Procédure devant la cour :
Par une requête, enregistrée le 10 janvier 2018, la société Hélio Fonds Caraïbes, représentée par Me A..., demande à la cour :
1°) d'annuler ce jugement du tribunal administratif de la Guadeloupe du 23 novembre 2017 ;
2°) d'annuler l'arrêté du 22 février 2016 du préfet de la Guadeloupe et la décision portant rejet du recours gracieux du 16 juin 2016 susmentionnés ;
3°) d'enjoindre au préfet de la Guadeloupe de lui délivrer le permis de construire sollicité dans le délai de trente jours à compter de la notification de l'arrêt à intervenir sous astreinte de 500 euros par jour de retard ; à défaut, de statuer à nouveau sur la demande dans le délai de deux mois sous astreinte de 500 euros par jour de retard ;
4°) de mettre à la charge de l'Etat la somme de 2 000 euros sur le fondement de l'article L. 761-1 du code de justice administrative.
Elle soutient que :
- le jugement attaqué est insuffisamment motivé, en méconnaissance de l'article L. 9 du code de justice administrative ;
- contrairement à ce qu'a retenu le tribunal, elle justifie d'un intérêt à agir dès lors que l'arrêté attaqué a été adressé à sa société mère, la société Quadran, et concerne un terrain dont elle est devenue elle-même propriétaire suite à la convention de transfert de droits signée le 20 juin 2016 avec la société mère ; ainsi venant aux droits de la société Quadran, elle est seule à même de contester l'arrêté de refus de permis de construire ;
- le projet d'installation de centrales photovoltaïques ne constitue pas une opération d'aménagement et d'urbanisme au sens de l'article L. 300-1 et de l'article R. 300-1 du code de l'urbanisme ; dès lors contrairement au premier motif de refus retenu par le préfet, la commission départementale de consommation des espaces agricoles (CDCEA) devenue commission départementale de la préservation des espaces naturels agricoles et forestiers (CDPENAF) qui doit en vertu de l'article L. 181-12 du code rural rendre un avis conforme sur certains projets, n'avait pas à être consultée ni à donner un avis favorable au projet ; à tout le moins le préfet aurait dû constater que l'avis négatif de cette commission dont la motivation est reprise à son compte par le préfet était irrégulier et ainsi l'écarter ;
- le plan d'occupation des sols opposé au projet est entaché de caducité dès lors qu'aucune procédure de révision du plan d'occupation des sols (POS) n'est intervenue avant le 31 décembre 2015 ; dès lors seules les dispositions du règlement national d'urbanisme (RNU) sont applicables lesquelles ne s'opposent pas à l'implantation d'une centrale photovoltaïque sur le lieu-dit Petite Place de la commune ;
- en tout état de cause, le projet respecte le POS précité dès lors que la zone NDb où il se situe, si elle est destinée aux équipements éoliens, n'interdit pas d'autres équipements techniques ; en outre les équipements techniques, sans autre précision sont autorisés plus généralement par l'article qui concerne l'ensemble de la zone ND1 ; enfin l'article ND1§ II B du POS n'exclut pas les centrales photovoltaïques ; dès lors ce type d'installations techniques est autorisé dans ce secteur.
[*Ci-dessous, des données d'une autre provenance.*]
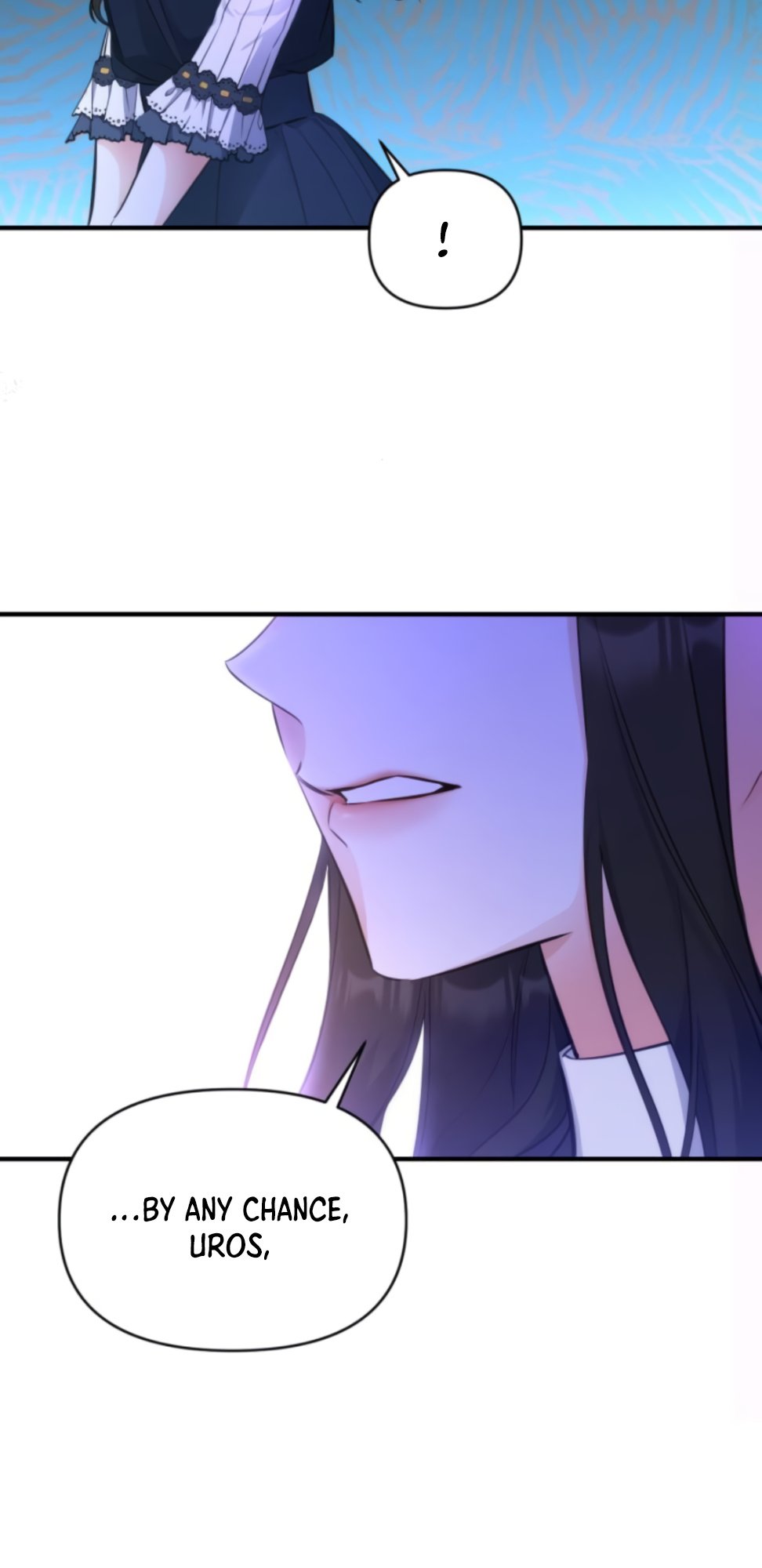 For My Lost Love chapter 14 - page 52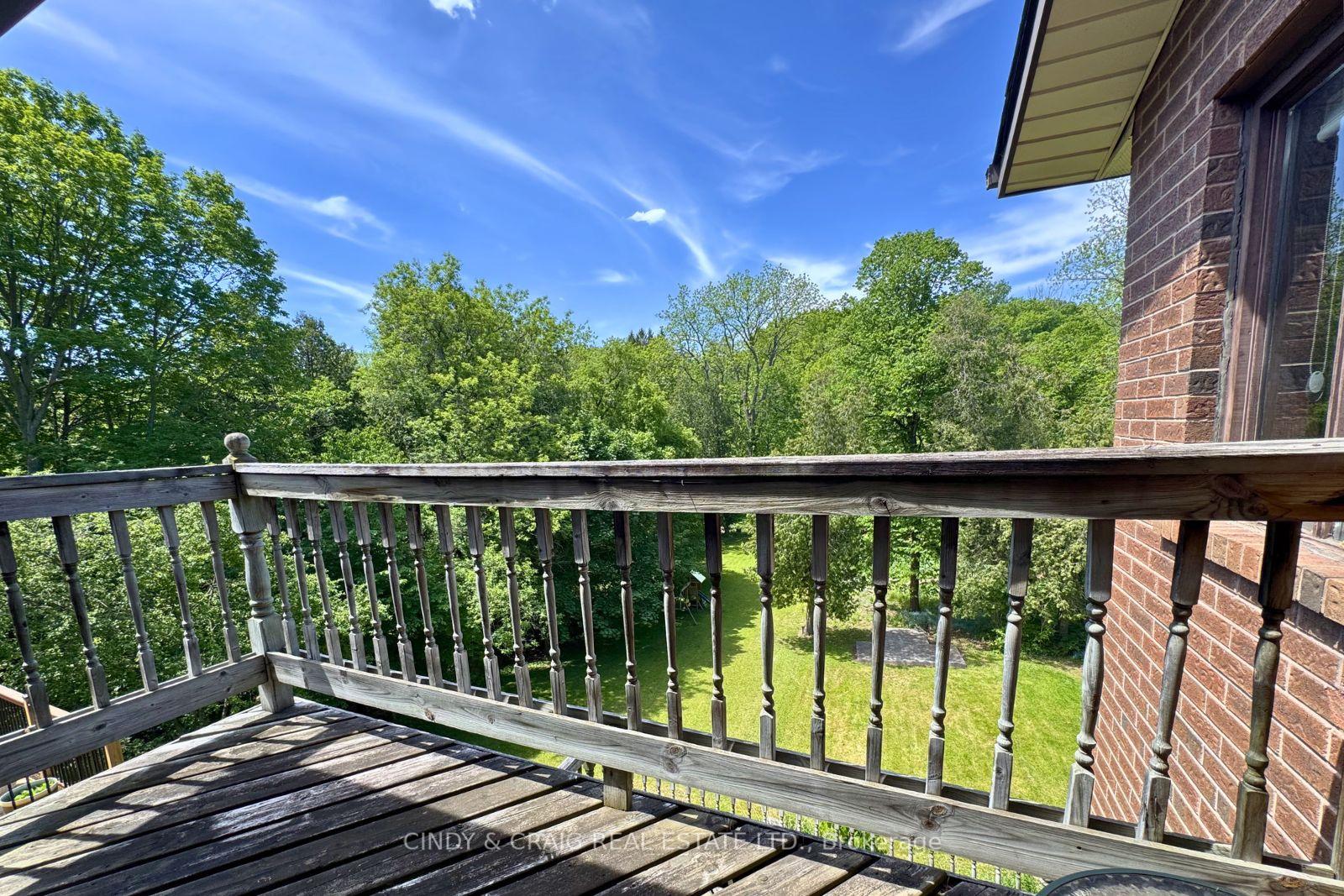 Photo 16 of 1426 Highbush Trail, Pickering, Woodlands — HOMEH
Par un mémoire en défense, enregistré le 19 septembre 2019, le ministre de la cohésion des territoires et des relations avec les collectivités territoriales conclut au rejet de la requête.
Il s'en remet au mémoire produit par le préfet de la Guadeloupe en première instance, enregistré par le tribunal administratif de la Guadeloupe le 14 décembre 2016.
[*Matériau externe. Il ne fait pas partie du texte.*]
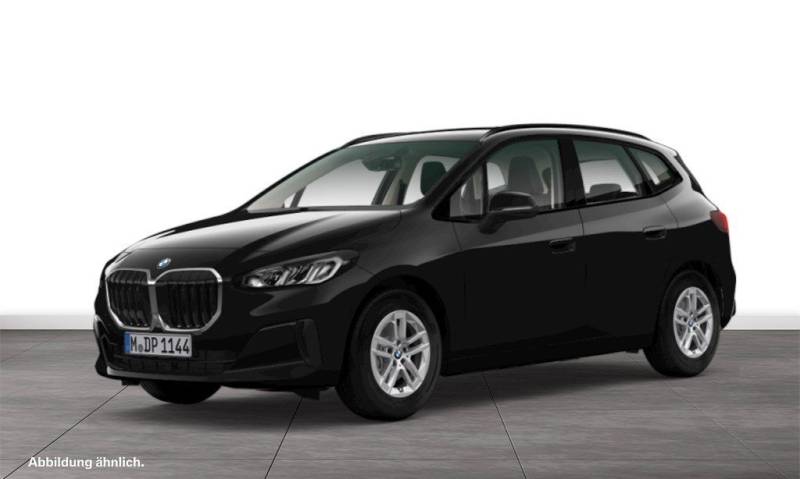 BMW 216i Active Tourer RÜCKFAHRKAMERA+ALARM+SITZHEIZ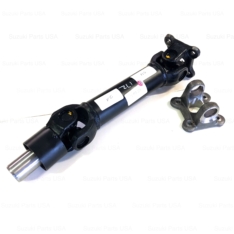 INTERMEDIATE DRIVE SHAFT #1 (SMALL / LARGE BOLT FLANGES) - SAMURAI '85-'95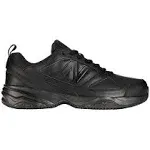 New Balance Men's 626v2 Black / 11 / 4E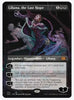 Liliana, the Last Hope (Foil) (Borderless) - Double Masters 2022 - #333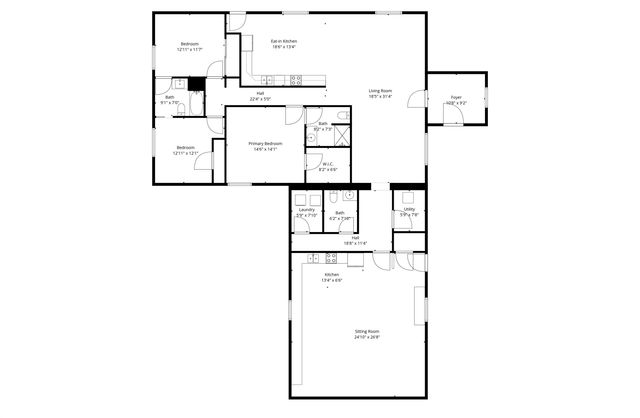 3650 S SR 9, Wolcottville, IN 46761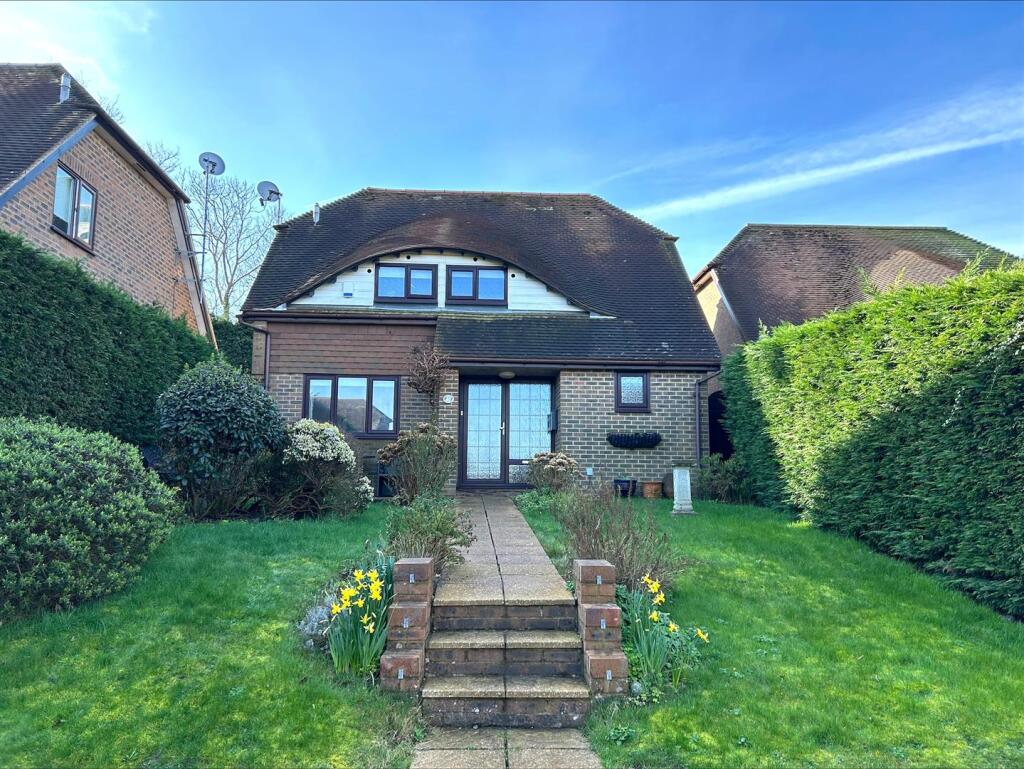 Main image of property: Pipers Close, Bexhill-On-Sea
Par ordonnance du 20 septembre 2019, la clôture d'instruction a été fixée au 12 novembre 2019 à 12 heures.
Vu les autres pièces du dossier.
Vu :
- le code rural et de la pêche maritime ;
- le code de l'urbanisme ;
- le code de justice administrative.
Les parties ont été régulièrement averties du jour de l'audience.
Ont été entendus au cours de l'audience publique :
- le rapport de Mme C... D...,
- les conclusions de Mme Sylvande Perdu, rapporteur public,
- et les observations de Me B..., représentant la société Hélio Fonds Caraïbes.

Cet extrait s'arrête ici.